MADISON, Conn. -- At Dianne Snyder's house in Westport, Mass., it was the night before American Airlines Flight 11.

As the veteran flight attendant did chores around the house, her husband polished her shoes and their 11-year-old daughter, Blakeslee, turned inquisitive.

"What makes human beings different from animals?" the girl asked.

Snyder's husband, John, recalls that his son, Leland, immediately offered an answer, telling his younger sister that the difference is "the ability to reason."

The father has remembered the exchange more than a few times since he first learned that his 42-year-old wife was aboard one of the hijacked jetliners that terrorists deliberately flew into the World Trade Center's twin towers. Yesterday, it became the centerpiece of the eulogy that John Snyder offered to more than 500 people who memorialized his wife at a church in her hometown.

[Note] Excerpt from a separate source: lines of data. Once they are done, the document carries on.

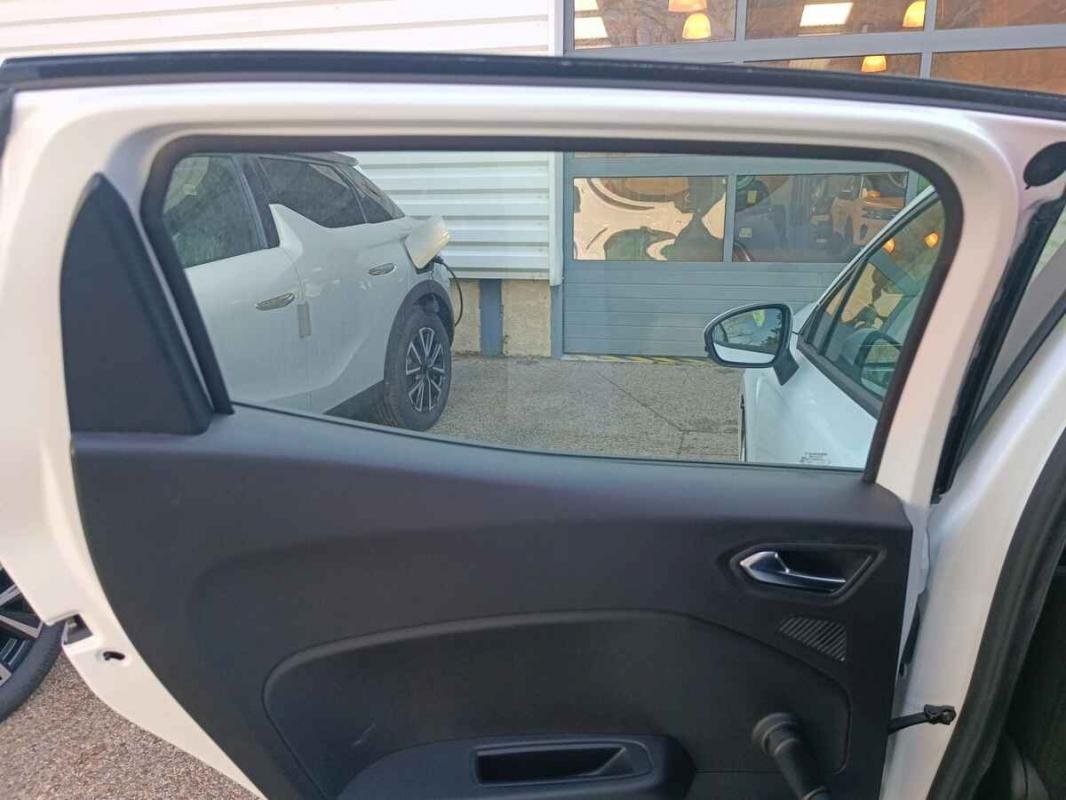Renault Clio - Photo 31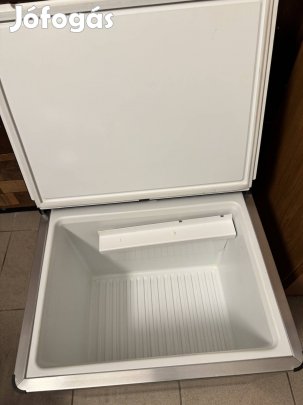 Dometic acx40 abszorpciós hűtő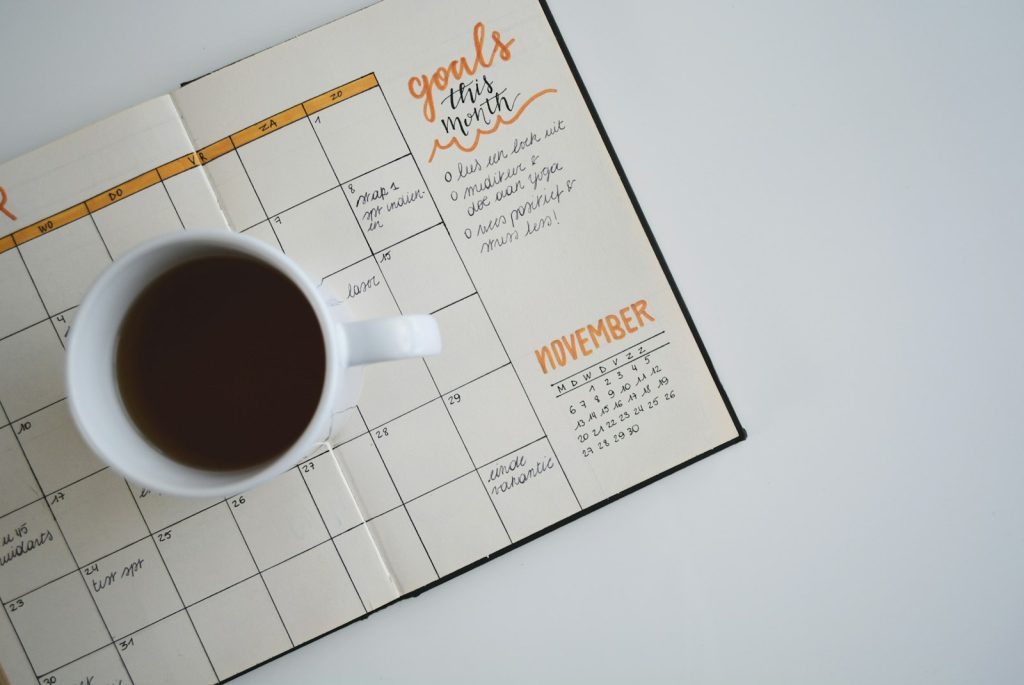 Kalender und Planungsnotizen als Symbol für sichere KI Dienstplanung im Schweizer KMU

The father said his recollection of his children's Sept. 10 discussion helped him realize that God was not behind what happened to his wife.

"God did not let this happen to Dianne," Snyder said. "It was a bad decision by bad people."

John Snyder also used the Sept. 10 exchange to convey his children's capacity for understanding and reason. He said their strengths provide the best description of his wife, a woman who ran him ragged on the tennis court and liked to time her cookies so they would come out of the oven just as her children were getting home from school.

"Dianne, I love you," he said. "We all love you and we'll never forget you."

The Rev. Louis B. Hays told the mourners it is OK to feel guilty, angry and frustrated about losing Snyder. Her death, at such a young age, and from terrorism, "wasn't supposed to happen," he said.

"Feelings are supposed to happen," Hays said. "Feelings are how we begin to cope with death."

Hays likened the woman to a shepherd, saying she guided her passengers "across the spacious skies."

He said he will forever think of the flight attendant when he hears anyone sing "America the Beautiful."

"Oh beautiful, for spacious skies, for amber waves of grain," he said, quoting a verse from the song. "For purple mountain majesties above the fruited plain.

"America, America," Hays continued, "God shed his grace on thee. And crown thy good with sisterhood from sea to shining sea."

In the Episcopal faith, the liturgy for the dead finds its meaning in the belief that Jesus was resurrected after his death on Good Friday. In essence, it is the same celebration that Episcopalians observe every Easter.

Hays reminded the grieving that God "knows human suffering firsthand."

He also offered an explanation for what happened to Snyder after she boarded an American Airlines jet and took to the air.

"Her Good Friday has come," Hays told the throngs gathered at St. Andrew's. "Now Dianne flies with God forever."